24 February 2006

Book Review: Gilead

The Presidents' Day weekend gave me an opportunity to finish a good book. Usually I have to read piecemeal: 10 to 20 pages a night before I go to sleep. That's the way I'm working through the unabridged Count of Monte Cristo, all 1,500 pages of it. This weekend, though, I found time for Marilynne Robinson's Gilead, and I'm glad I did.

Set in Iowa, it is a story told by a dying Congregationalist preacher, John Ames, to his seven-year-old son. It begins as a diary, strays into family history, and ends with a focus on Ames's namesake, Jack Boughton, a prodigal son who has returned home burdened by an unspoken past.

The diary style of the book is fascinating as it examines Ames's grandfather, a zealous abolitionist who had moved to Kansas in the 1850s and had justified the use of violence to eradicate slavery. Robinson has a sly way of enlightening the reader about Ames as well as the grandfather at this time.

Where the diary style completely fails is in the frank discussion of contemporary events. It's fascinating nonetheless, but hard to justify telling a son about.

What I liked about Gilead was Robinson's treatment of faith. Ames is a solid, grounded Believer who has been tempted and tried. His brother had become an athiest at university in Germany, and his father (also a minister) had even encouraged him to get out of Iowa. Ames had stayed, and I really enjoyed his voice--his faith.

I want to reflect upon a few quotes from the book that really were powerful.

"I feel sometimes as if I were a child who opens its eyes on the world once and
sees amazing things it will never know any names for and then has to close its
eyes again. I know this is all mere apparition compared to what awaits us,
but it is only lovelier for that, when we have all been changed and put on
incorruptibility, we will forget our fantastic condition of mortality and
impermanence, the great bright dream of procreating and perishing that meant the
whole world to us. In eternity this world will by Troy, I believe, and all
that has passed here will be the epic of the universe, the ballad they sing in
the streets. Because I don't imagine any reality putting this one in the
shade entirely, and I think piety forbids me to try." (57)


Now I'm a serious Homer-phile, but I like the treatment of earth's history as Troy--the most celebrated battle of all time.

Robinson also makes a sublime connection between the 10 Commandments and Creation.
"[The 10 Commandments] to me seem almost a retelling of Creation--First there is
the Lord, then the Word, then the Day, then the Man and Woman--and after that
Cain and Abel--Thou shalt not kill--and all the sins recorded in those
prohibitions, just as crimes are recorded in the laws against them. So
perhaps the tablets differ as addressing the eternal and the temporal." (139)

I just know I'm going to use the following quote many times in the future:
"How do you tell a scribe from a prophet...? The prophets love the people
they chastise, a thing this [scribe] does not appear to me to do" (142).

On the issue of doubt, there is more sage wisdom:
"Don't look for proofs.

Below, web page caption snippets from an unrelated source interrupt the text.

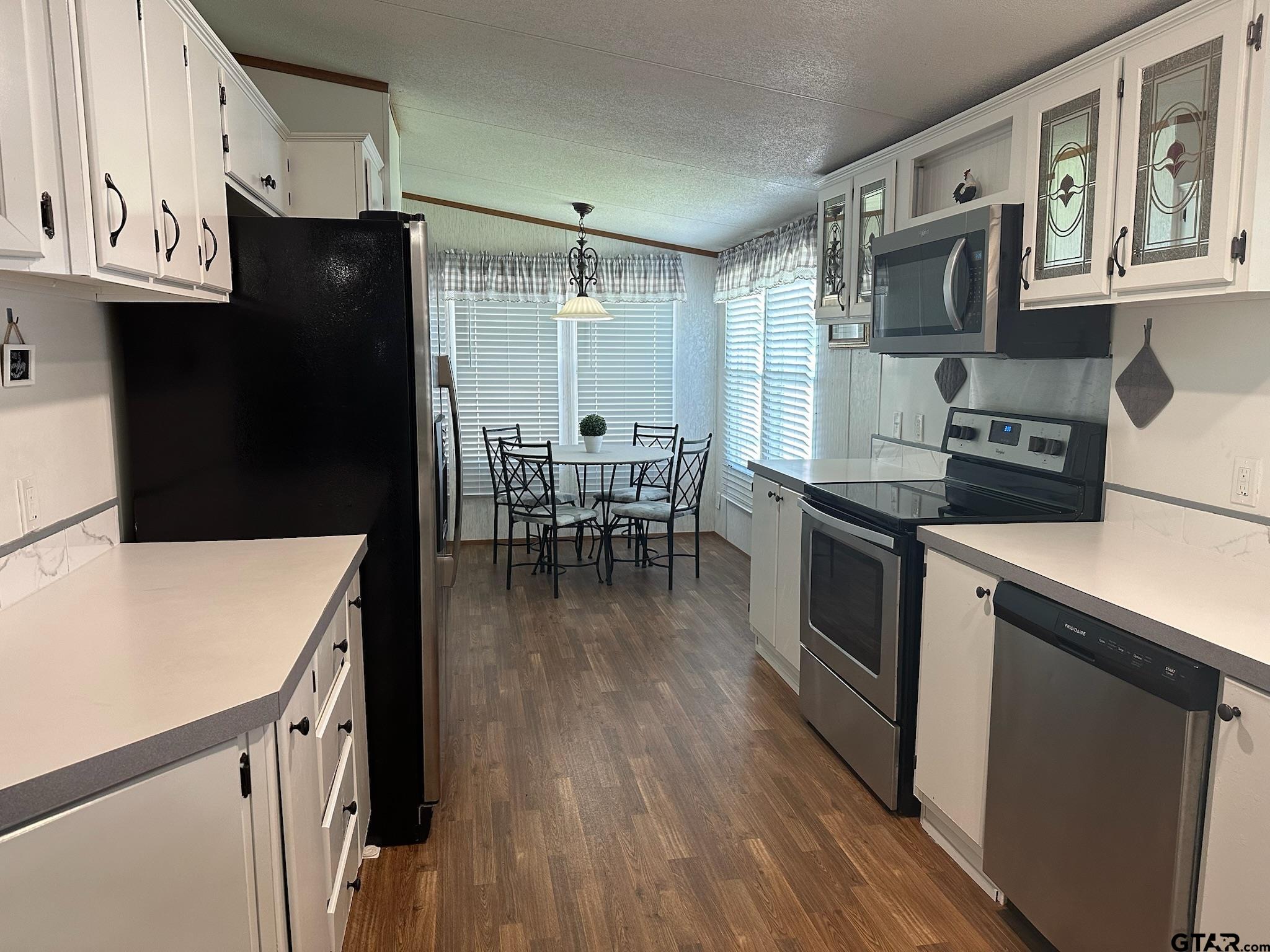 21516 Water Ridge Road Chandler, TX 75758 - Photo 7 of 48 a kitchen with granite countertop a refrigerator stove top oven and sink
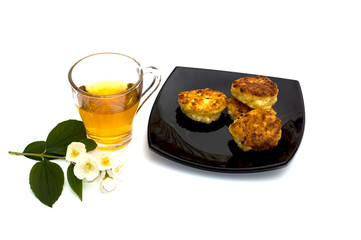 plate with cheesecakes and flower tea
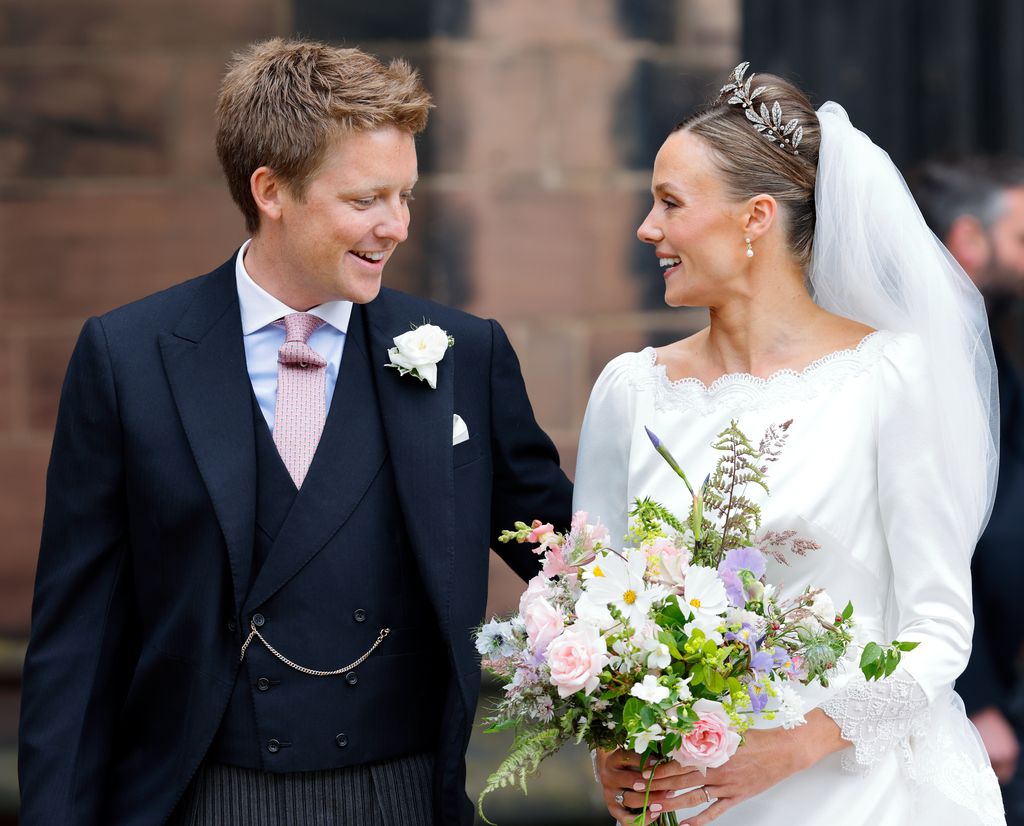Duke and Duchess of Westminster smiling at each other after wedding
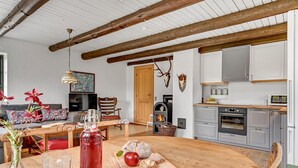 Een gezellige woonkamer met een open haard, een eettafel met brood en een appel, en een keuken met moderne apparatuur.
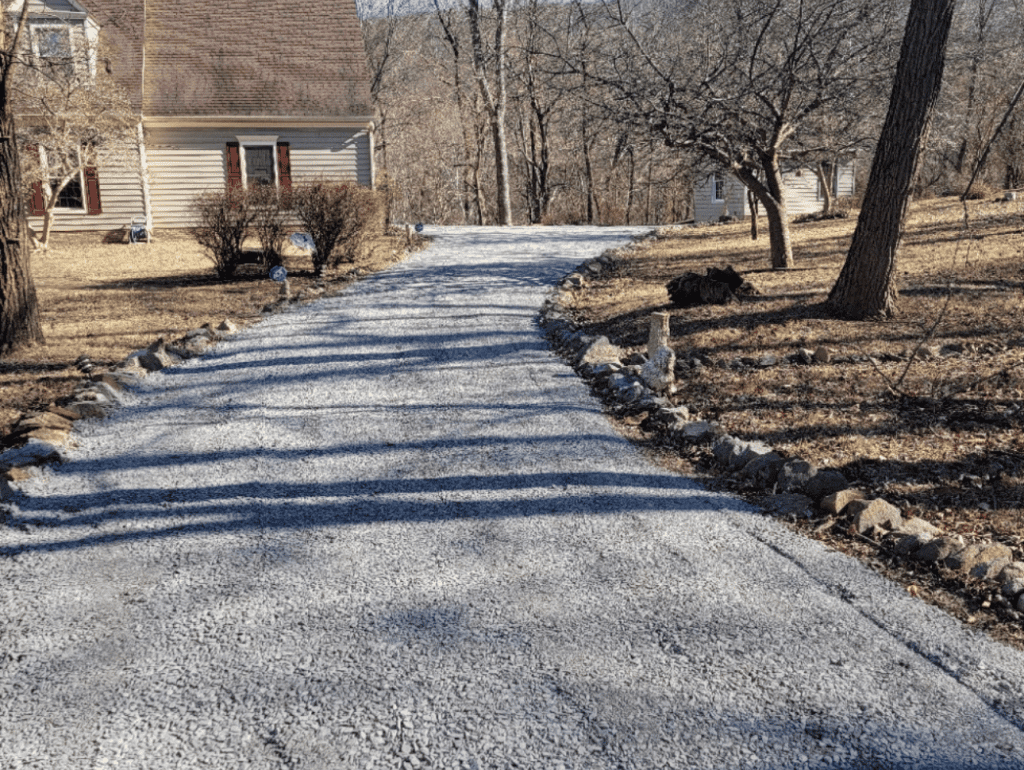 A gravel driveway leads uphill toward a house, bordered by rock edging and trees.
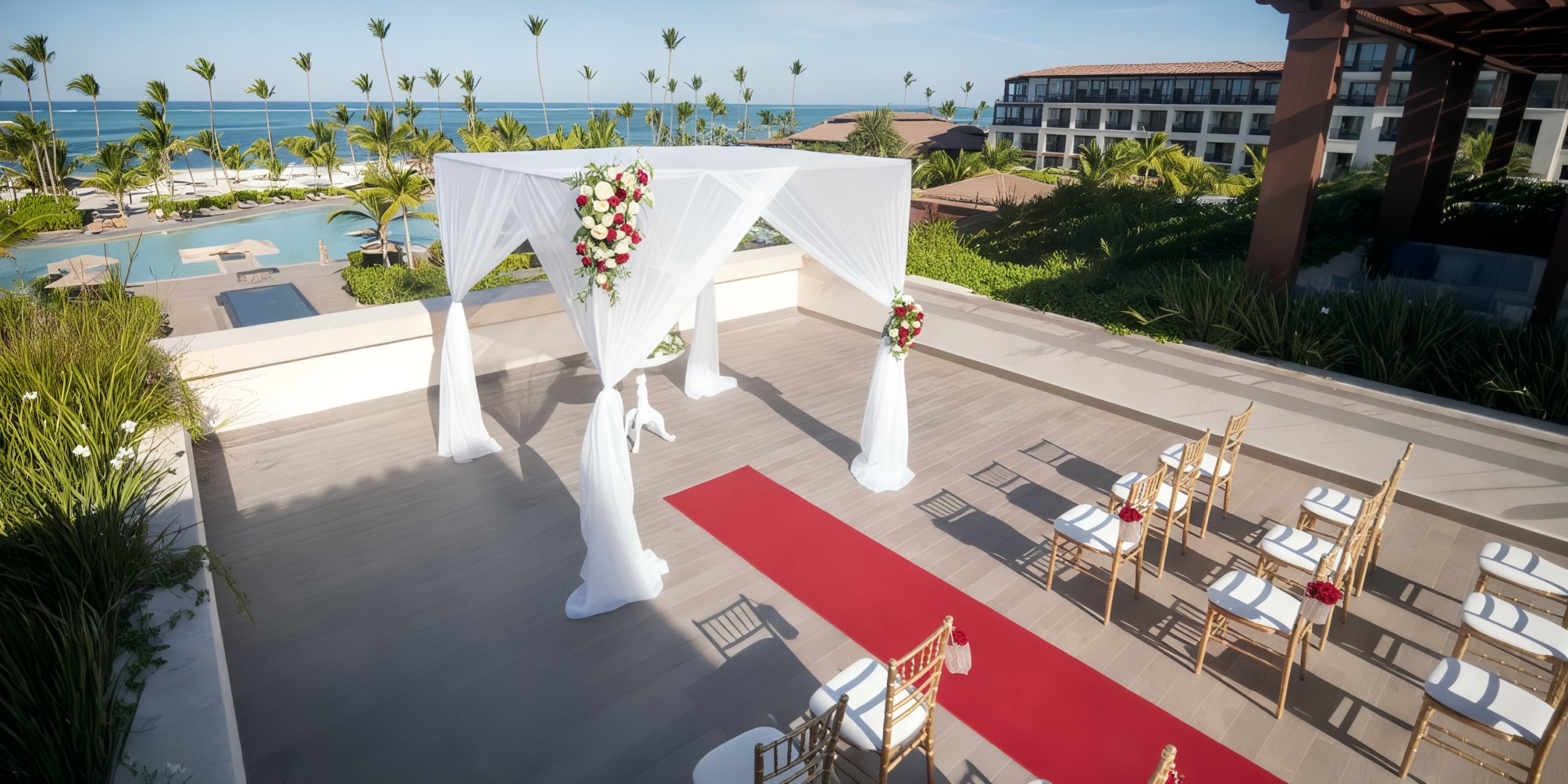 The wedding setup at Lopesan Costa Bavaro features a white canopy with a red carpet aisle and rows of chairs, complemented by the backdrop of palm trees and the ocean.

Don't bother with them at all. They are
never sufficient to the question, and they're always a little impertinent, I
think, because they claim for God a place within our conceptual grasp. And
they will likely sound wrong to you even if you convince someone else with
them. That is very unsettling over the long term. "Let your woks so
shine before men," etc. It was Coleridge who said Christianity is a life,
not a doctrine, words to that effect. I'm not saying never doubt or
question. The Lord gave you a mind so that you would make honest use of
it. I'm saying you must be sure that the doubts and questions are your
own, not, so to speak, the mustache and walking stick that happen to be the
fashion of any particular moment" (179).

Finally, I'll include Ames's ruminations on the issue of memory. They are beautiful, touching and heartbreaking:
"I wish I could give you the memory I have of your mother that day. I
wish I could leave you certain of the images in my mind, because they are so
beautiful that I hate to think they will be extinguished when I am. Well,
but again, this life has its own mortal loveliness. And memory is not
strictly mortal in its nature, either. It is a strange thing, after all,
to be able to return to a moment, when it can hardly be said to have any reality
at all, even in its passing. A moment is such a slight thing, I mean, that
its abiding is a most gracious reprieve" (162).